Punto di convergenza di questi aspetti è il linguaggio, contaminato da espressioni dialettali o comunque ricalcate dall’italiano regionale, tali da condurre il dialogo dal piano condiviso e precostituito delle norme comunicative a una sua improvvisa fuoriuscita da esse; Donaera associa dunque alla ‘bestialità’ il proprio linguaggio, e a esso ricorrono i personaggi quando la verità nella sua crudezza si fa manifesta e irrompe come mezzo di deviazione e ineluttabile destino. La lingua intessuta dall’autore non è semplice marca diatopica o (peggio) imbellettamento folkloristico dei personaggi ma codice alternativo in grado di esprimere un sentire esclusivo e al quale ricorrono i quattro narratori nel momento in cui deflagra in essi la tragedia della propria condizione d’esistenza.

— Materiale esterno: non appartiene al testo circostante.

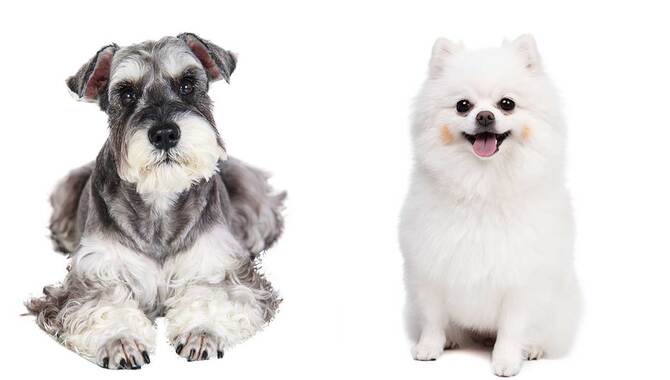 10 Effective Tips to Guide your Schnauzer Pomeranian Mix
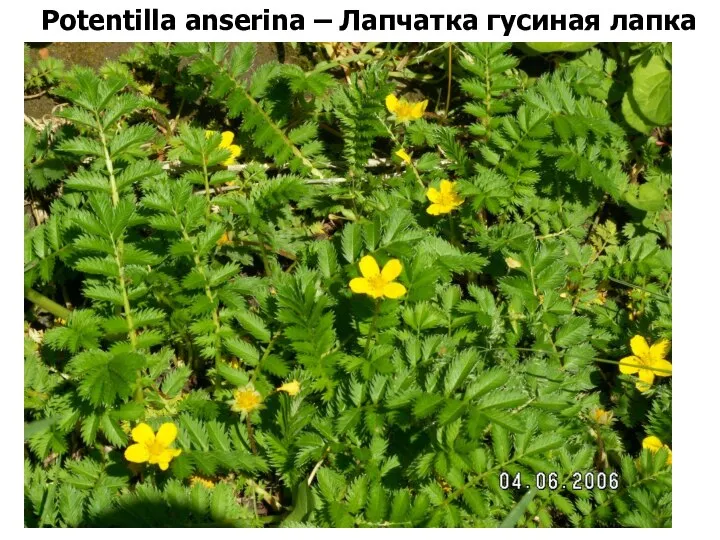 Potentilla anserina – Лапчатка гусиная лапка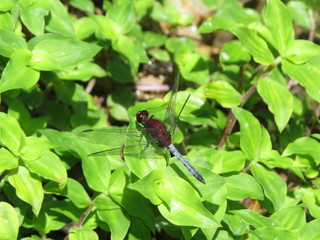 red dragon-fly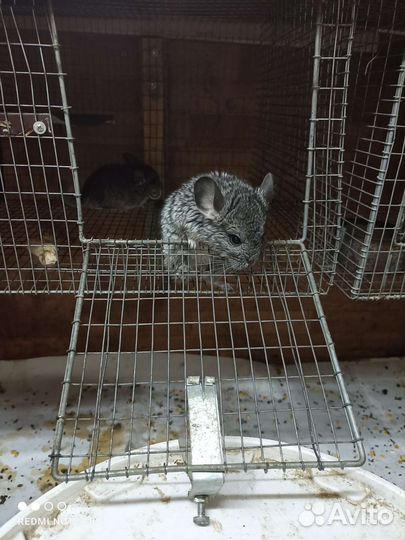 Продаются шиншиллы. Малыши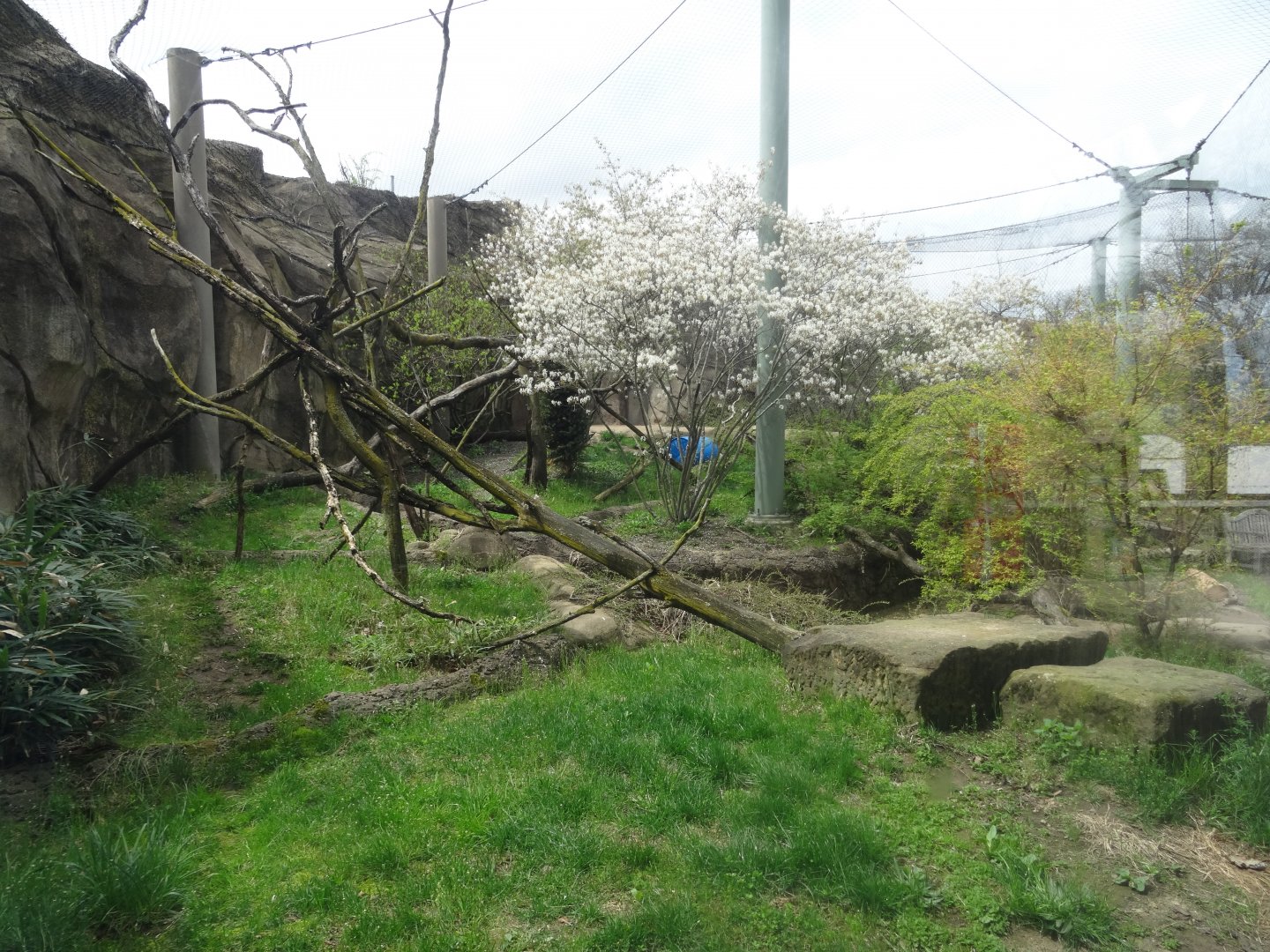 Amur Leopard Exhibit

Nella perdita di controllo del registro linguistico vi è in loro il desiderio di denunciare la propria alterità e di precludere l’accesso a una zona ideale condivisa solo tra essi, poiché il linguaggio è il tratto distintivo di un male da loro trasmesso per legami di fedeltà o contingenze di situazioni che non può essere altrimenti compreso; per questo le altre presenze nel romanzo appaiono come corpi volatili e per nulla fondamentali, essendo loro negata l’appartenenza a un’ideale setta linguistica.

È Mimì a inglobare le proprie vittime in questa dimensione bestiale attraverso lo sguardo: chi cade in esso si ritrova imbrigliato nella rete paralizzante del terrore e riscopre la propria condizione di animale nudo (in accezione derridiana, animot), innescando una lotta per la sopravvivenza che solo nel finale riserverà al tiranno un ineluttabile e tragico epilogo.

«[…] e Mimì ha un bruciore, un conato, l’odore delle mani della moglie, la puzza, Mimì allontana dalla faccia quelle mani, la moglie lo guarda, e lo guarda in un modo che Mimì non capisce, non se l’aspettava, un modo che in lei non aveva mai visto prima, il modo della paura, la paura di chi sa che sta per morire» (p. 180)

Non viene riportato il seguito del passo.